Multiple‐ TE Based Blood–Brain‐Barrier Water Exchange Time Measurement Using a TE ‐Resolved 3D TSE Stack‐Of‐Spirals Readout

ABSTRACT Purpose To develop a slice‐wise blurring‐free and densely sampled TE‐resolved multiple‐TE (mTE) ASL sequence (TASL) for measuring blood–brain barrier (BBB) water exchange time. Methods A 3D TSE spiral‐readout pCASL sequence was modified to enable TE‐resolved acquisition. Signals at mTEs from a single kz partition were acquired within a single shot, and the acquisition was repeated until all required kz partitions were covered. In vivo experiments were conducted on healthy volunteers using both a conventional pCASL sequence and the proposed TASL sequence. Signal intensity modulation, perfusion SNR, and quantitative parameters including cerebral blood flow (CBF), arterial transit time (ATT), intravoxel transit time ( ITT ), and water exchange time ( T exch ) were evaluated.
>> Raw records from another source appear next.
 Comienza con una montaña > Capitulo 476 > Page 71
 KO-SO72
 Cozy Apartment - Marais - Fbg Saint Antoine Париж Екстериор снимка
Test–retest scans were conducted to assess reproducibility. Results Compared with the conventional mTE acquisition, TASL eliminates T 2 decay‐induced slice‐wise intensity modulation and blurring, yielding higher whole‐brain perfusion SNR across all TEs and PLDs. Estimates of CBF and ATT showed negligible differences between the two methods (both < 1%), whereas mean T exch and ITT values were 18.2% and 9.05% higher, respectively, with TASL. Bland–Altman analysis showed minimal bias, with 95% of differences within the limits of agreement (mean±1.96 SD). The inter‐session ICC and wsCV of CBF, ATT, T exch , and ITT in gray matter are 0.86% and 8.38%, 0.96% and 1.98%, 0.93% and 4.04%, and 0.95% and 4.32%, respectively. Conclusion TASL eliminates signal intensity modulation and blurring artifacts while providing densely sampled TE for parametric fitting. It may be a valuable tool for accurate and reliable quantification of cerebral perfusion and BBB permeability.